BEGIN

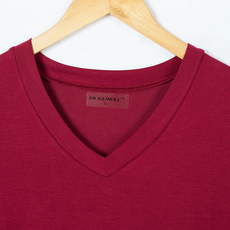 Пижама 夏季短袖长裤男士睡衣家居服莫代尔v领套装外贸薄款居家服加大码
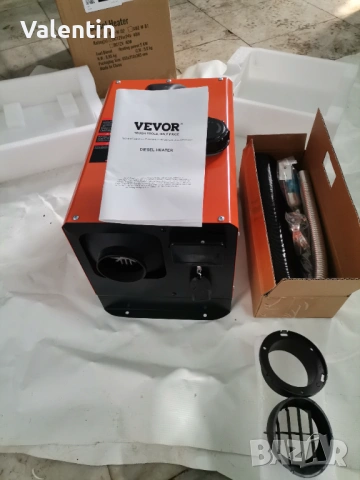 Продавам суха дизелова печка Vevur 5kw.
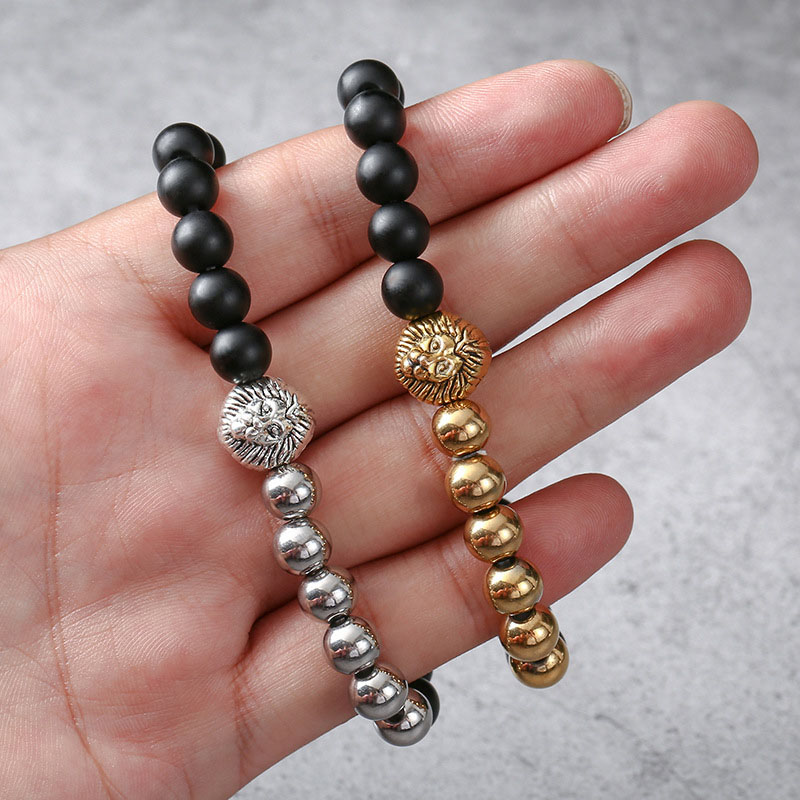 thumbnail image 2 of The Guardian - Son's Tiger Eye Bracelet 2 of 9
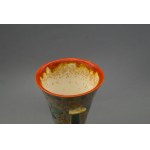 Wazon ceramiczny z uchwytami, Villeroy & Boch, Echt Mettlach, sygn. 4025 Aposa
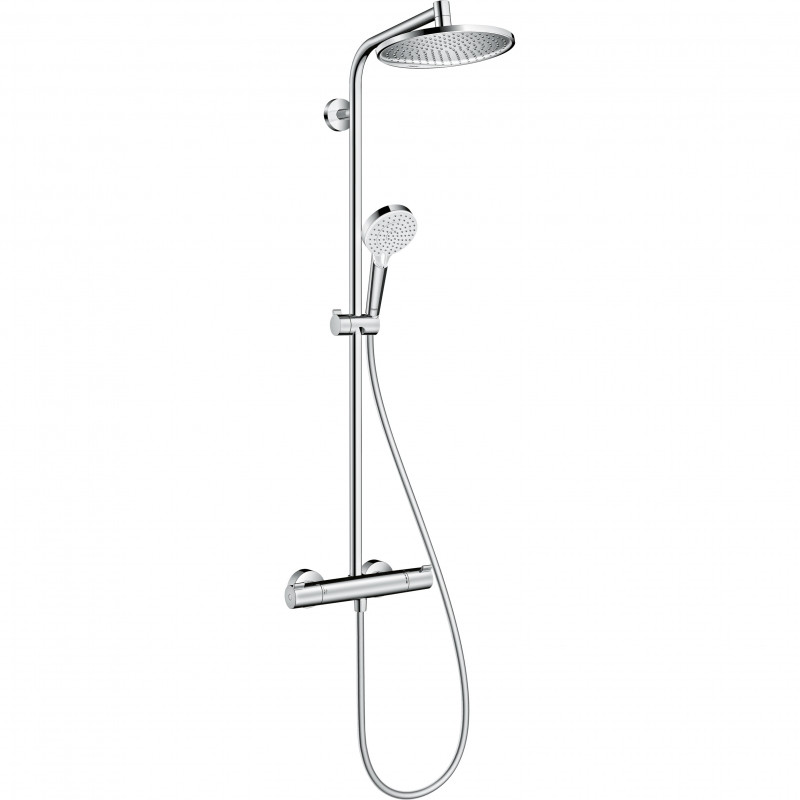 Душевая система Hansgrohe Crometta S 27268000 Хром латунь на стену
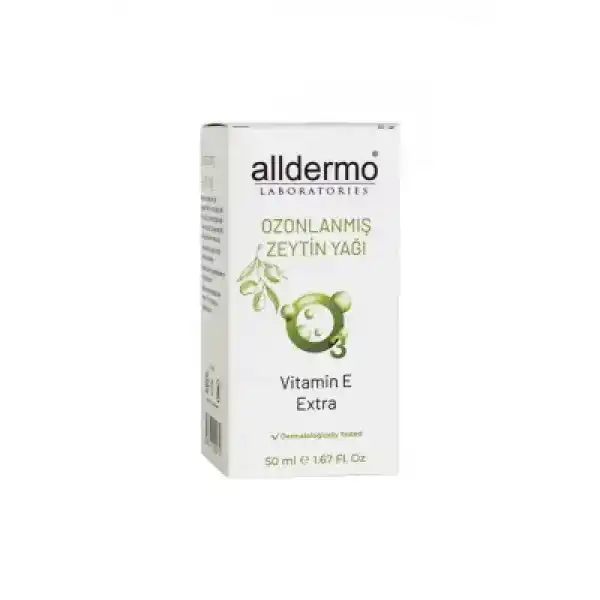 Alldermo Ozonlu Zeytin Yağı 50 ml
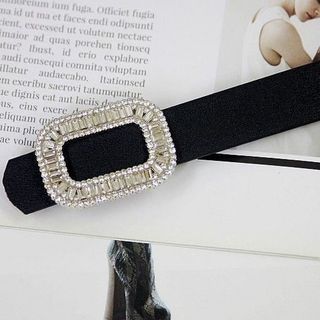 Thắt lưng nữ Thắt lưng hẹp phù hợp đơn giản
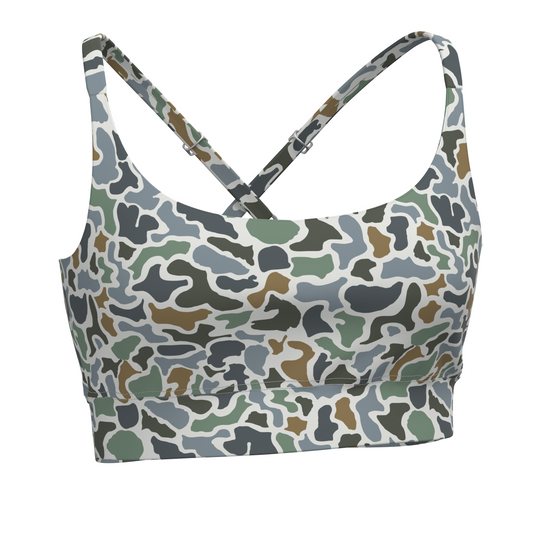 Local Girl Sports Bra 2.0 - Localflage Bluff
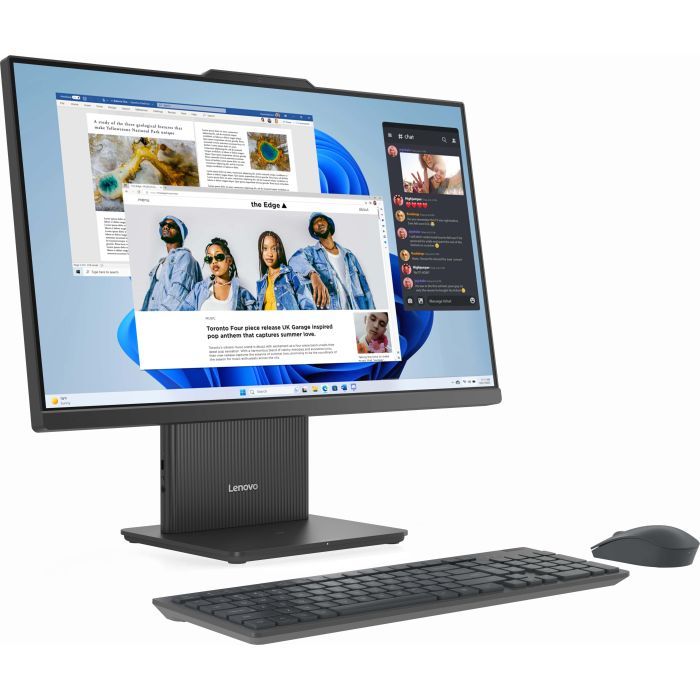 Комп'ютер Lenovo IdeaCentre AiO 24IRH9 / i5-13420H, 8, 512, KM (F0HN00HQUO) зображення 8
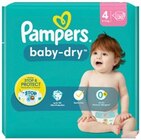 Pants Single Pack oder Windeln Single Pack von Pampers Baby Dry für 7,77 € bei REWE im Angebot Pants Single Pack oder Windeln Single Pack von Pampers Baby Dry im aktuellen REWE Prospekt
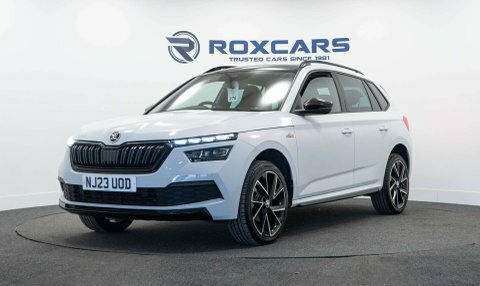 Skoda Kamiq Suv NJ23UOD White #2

END

(Directions for this task) For each entry, repeat its text exactly and leave out any picture it holds.

(Solution below)
 Пижама 夏季短袖长裤男士睡衣家居服莫代尔v领套装外贸薄款居家服加大码
 Продавам суха дизелова печка Vevur 5kw.
 thumbnail image 2 of The Guardian - Son's Tiger Eye Bracelet 2 of 9
 Wazon ceramiczny z uchwytami, Villeroy & Boch, Echt Mettlach, sygn. 4025 Aposa
 Душевая система Hansgrohe Crometta S 27268000 Хром латунь на стену
 Alldermo Ozonlu Zeytin Yağı 50 ml
 Thắt lưng nữ Thắt lưng hẹp phù hợp đơn giản
 Local Girl Sports Bra 2.0 - Localflage Bluff
 Комп'ютер Lenovo IdeaCentre AiO 24IRH9 / i5-13420H, 8, 512, KM (F0HN00HQUO) зображення 8
 Pants Single Pack oder Windeln Single Pack von Pampers Baby Dry für 7,77 € bei REWE im Angebot Pants Single Pack oder Windeln Single Pack von Pampers Baby Dry im aktuellen REWE Prospekt
 Skoda Kamiq Suv NJ23UOD White #2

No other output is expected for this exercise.